— EXERCISE DETAILS —
Pictures appear among the records below and must be omitted. Repeat exactly the lines from the line with "1119 19th Avenue" to the line with "Завтра в Екатеринбурге", both included.

— RECORDS FOR THE EXERCISE —
·····

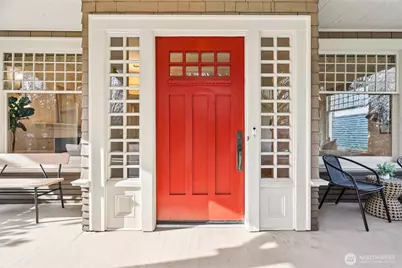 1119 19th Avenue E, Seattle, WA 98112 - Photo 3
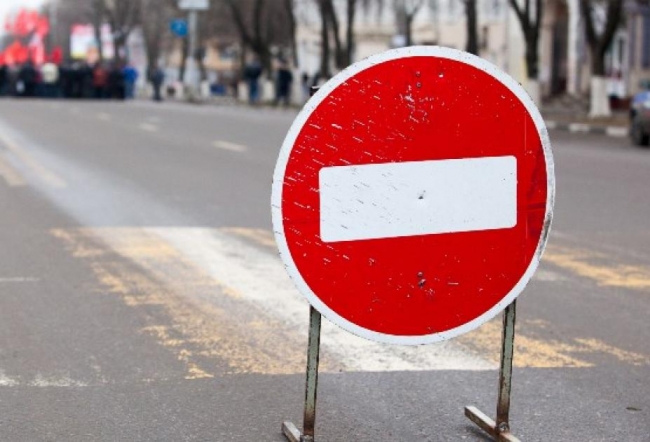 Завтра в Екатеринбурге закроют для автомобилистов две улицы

·····

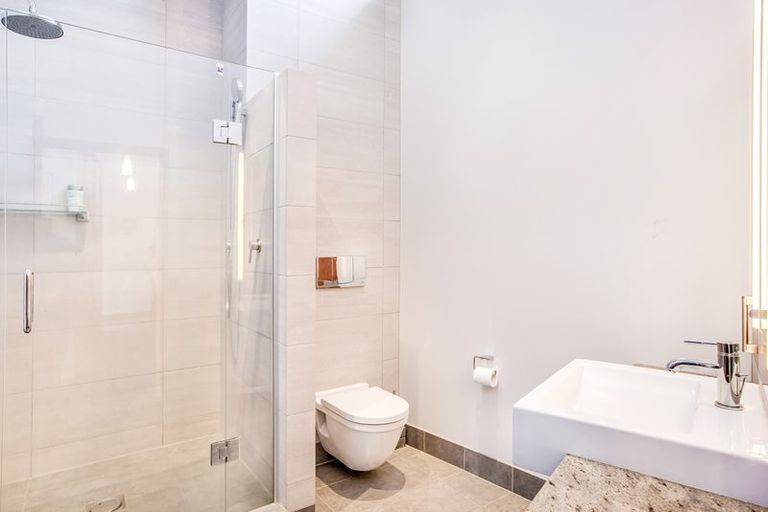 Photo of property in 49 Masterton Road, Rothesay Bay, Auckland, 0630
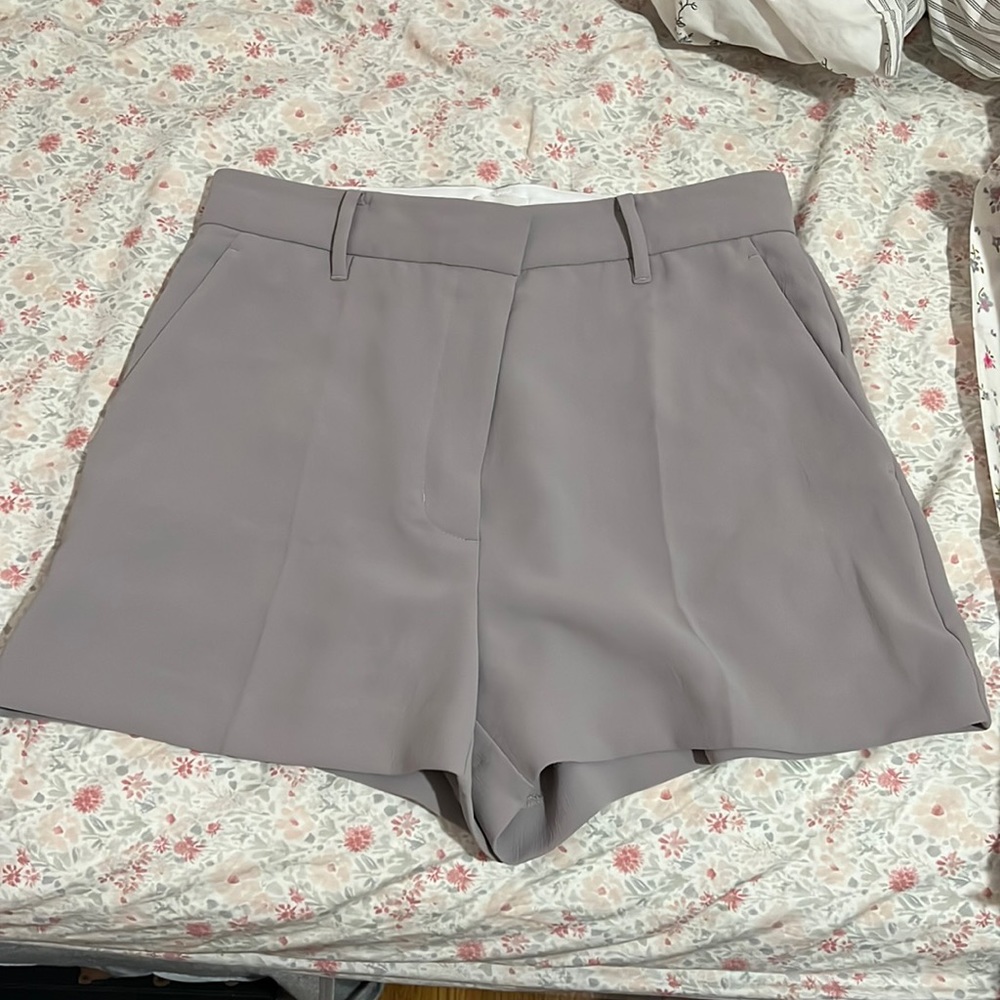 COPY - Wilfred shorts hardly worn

·····

— REPLY TO THE EXERCISE —
 1119 19th Avenue E, Seattle, WA 98112 - Photo 3
 Завтра в Екатеринбурге закроют для автомобилистов две улицы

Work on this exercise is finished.